14. The recombinant adenovirus (Ad) of claim 1, further comprising cysteine amino acid substitutions, and wherein N-Hydroxysuccinimide (NHS) or maleimide polyethylene glycol (PEGylation) or biotin acceptor peptide (BAPylation) modification bind to cysteine substituted Ad capsid hexon hypervariable region (HVR) polypeptides.

15. A method of targeting a cancerous tumor with an Adenovirus (Ad) and lowering infection of the liver by the Ad comprising, administering an Ad strain to a subject in need thereof, and subsequently administering to the subject in one or more rounds of treatment, an alternate Ad strain having a modified fiber protein.

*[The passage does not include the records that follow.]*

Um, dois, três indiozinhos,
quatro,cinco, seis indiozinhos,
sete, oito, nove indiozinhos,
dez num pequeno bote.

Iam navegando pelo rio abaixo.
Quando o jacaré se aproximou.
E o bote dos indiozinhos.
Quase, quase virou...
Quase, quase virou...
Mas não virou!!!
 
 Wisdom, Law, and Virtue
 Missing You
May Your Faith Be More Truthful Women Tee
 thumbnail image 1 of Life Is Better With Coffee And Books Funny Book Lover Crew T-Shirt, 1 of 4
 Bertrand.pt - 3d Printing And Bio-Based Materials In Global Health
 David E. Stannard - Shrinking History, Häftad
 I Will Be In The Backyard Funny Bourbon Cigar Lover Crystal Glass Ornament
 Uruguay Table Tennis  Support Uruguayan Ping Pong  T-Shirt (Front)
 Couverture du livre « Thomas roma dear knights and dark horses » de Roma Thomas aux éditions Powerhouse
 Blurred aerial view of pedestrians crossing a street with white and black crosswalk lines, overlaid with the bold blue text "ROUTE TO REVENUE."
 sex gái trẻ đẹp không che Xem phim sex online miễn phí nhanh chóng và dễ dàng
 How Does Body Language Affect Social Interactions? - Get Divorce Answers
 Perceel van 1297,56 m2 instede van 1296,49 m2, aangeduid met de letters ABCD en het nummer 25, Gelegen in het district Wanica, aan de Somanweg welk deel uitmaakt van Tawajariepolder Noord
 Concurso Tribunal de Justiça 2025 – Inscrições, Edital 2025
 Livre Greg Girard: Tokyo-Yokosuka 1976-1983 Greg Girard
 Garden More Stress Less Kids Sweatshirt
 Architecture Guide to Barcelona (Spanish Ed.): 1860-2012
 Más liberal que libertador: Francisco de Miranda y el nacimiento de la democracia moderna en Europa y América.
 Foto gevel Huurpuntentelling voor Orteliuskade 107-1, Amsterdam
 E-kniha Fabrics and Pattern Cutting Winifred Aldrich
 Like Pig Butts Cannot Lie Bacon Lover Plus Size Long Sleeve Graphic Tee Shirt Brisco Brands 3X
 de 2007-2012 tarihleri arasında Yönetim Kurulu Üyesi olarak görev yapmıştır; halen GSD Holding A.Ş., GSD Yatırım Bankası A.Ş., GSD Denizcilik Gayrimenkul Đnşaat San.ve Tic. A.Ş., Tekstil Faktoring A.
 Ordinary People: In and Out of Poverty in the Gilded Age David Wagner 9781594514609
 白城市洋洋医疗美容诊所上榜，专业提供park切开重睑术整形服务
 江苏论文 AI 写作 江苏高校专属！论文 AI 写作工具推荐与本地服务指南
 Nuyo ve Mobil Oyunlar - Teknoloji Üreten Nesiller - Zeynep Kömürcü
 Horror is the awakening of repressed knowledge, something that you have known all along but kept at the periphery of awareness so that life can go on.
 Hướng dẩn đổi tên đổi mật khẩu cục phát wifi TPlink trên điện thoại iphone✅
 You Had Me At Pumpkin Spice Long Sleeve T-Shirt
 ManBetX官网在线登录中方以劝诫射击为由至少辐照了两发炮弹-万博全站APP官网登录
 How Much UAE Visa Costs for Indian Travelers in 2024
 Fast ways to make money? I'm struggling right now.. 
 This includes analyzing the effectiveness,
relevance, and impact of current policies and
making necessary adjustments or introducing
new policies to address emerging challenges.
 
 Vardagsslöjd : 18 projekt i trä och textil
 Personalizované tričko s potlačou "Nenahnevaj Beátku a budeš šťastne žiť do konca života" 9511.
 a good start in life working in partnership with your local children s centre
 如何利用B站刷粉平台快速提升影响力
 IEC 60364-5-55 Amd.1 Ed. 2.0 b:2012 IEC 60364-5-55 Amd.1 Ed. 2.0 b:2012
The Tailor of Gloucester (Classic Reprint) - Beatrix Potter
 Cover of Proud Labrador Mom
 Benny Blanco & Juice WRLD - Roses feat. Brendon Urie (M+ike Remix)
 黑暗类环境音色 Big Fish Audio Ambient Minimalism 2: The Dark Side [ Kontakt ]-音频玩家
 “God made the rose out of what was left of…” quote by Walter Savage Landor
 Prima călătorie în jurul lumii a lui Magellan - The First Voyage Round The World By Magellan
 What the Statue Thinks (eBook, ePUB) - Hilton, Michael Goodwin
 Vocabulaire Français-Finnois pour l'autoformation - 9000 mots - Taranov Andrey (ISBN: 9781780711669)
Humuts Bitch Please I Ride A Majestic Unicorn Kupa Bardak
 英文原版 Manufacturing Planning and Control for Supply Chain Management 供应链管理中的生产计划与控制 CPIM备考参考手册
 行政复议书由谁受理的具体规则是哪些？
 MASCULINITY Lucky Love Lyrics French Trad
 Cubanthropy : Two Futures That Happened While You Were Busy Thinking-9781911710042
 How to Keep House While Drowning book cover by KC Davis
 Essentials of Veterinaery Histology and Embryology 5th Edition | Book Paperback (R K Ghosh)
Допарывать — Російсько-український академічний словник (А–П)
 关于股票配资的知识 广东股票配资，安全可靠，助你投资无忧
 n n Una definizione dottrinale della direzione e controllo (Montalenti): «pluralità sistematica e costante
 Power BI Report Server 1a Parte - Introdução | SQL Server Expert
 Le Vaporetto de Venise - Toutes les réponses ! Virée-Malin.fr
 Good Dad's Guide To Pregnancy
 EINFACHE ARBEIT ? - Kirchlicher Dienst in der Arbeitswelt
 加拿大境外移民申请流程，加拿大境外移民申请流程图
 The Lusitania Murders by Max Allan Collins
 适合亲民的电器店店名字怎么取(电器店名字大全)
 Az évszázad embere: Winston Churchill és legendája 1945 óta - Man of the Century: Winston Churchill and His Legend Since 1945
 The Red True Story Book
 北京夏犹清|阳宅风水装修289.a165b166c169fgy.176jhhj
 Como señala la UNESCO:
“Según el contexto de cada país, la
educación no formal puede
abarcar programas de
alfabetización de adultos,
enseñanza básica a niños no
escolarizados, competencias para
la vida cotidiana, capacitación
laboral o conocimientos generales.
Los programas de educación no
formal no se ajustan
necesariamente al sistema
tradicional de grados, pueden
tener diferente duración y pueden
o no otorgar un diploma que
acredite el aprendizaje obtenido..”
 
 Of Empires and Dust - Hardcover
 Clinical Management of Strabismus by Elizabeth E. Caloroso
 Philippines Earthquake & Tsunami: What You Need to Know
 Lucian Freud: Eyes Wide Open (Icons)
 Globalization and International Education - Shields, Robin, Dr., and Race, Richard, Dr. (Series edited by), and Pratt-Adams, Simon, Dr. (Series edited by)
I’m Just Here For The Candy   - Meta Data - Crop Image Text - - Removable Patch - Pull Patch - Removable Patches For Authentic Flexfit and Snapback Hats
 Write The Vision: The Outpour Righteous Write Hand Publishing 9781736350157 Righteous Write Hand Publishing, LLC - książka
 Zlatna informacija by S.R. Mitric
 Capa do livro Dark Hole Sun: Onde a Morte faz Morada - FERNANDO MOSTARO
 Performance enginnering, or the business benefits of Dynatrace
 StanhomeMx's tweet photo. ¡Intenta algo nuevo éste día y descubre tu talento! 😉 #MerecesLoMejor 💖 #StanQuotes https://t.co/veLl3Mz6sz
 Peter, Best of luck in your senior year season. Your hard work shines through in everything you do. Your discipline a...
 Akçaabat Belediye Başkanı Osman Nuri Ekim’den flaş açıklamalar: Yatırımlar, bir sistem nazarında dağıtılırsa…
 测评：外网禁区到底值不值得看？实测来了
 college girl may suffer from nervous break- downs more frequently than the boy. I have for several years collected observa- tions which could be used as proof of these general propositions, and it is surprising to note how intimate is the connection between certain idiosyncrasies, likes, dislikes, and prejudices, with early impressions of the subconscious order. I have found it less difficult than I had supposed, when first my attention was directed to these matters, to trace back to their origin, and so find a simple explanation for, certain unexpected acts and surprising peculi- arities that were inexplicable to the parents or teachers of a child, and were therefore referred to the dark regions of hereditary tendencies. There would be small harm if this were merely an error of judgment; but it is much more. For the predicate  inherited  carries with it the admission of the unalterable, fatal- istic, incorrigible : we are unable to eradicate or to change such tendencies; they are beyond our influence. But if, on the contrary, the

16. The method of claim 15, wherein the Ad comprises a covalent polymer conjugation.

17. The method of claim 15, wherein the alternate Ad strain is the Ad of claim 1.

18. A conditionally-replicating Adenovirus (CRAd) comprising, a recombinant Adenovirus (Ad) strain 6 which has been modified in an E1A gene encoding an E1A polypeptide, wherein the CRAd exhibits amino acid substitutions in the E1A polypeptide relative to wild-type E1A polypeptide of an Ad strain.

19. The CRAd of claim 11, wherein the N-terminal portion of the E1A polypeptide comprises an amino acid sequence set forth in SEQ ID NO:43, SEQ ID NO:44 or SEQ ID NO:45.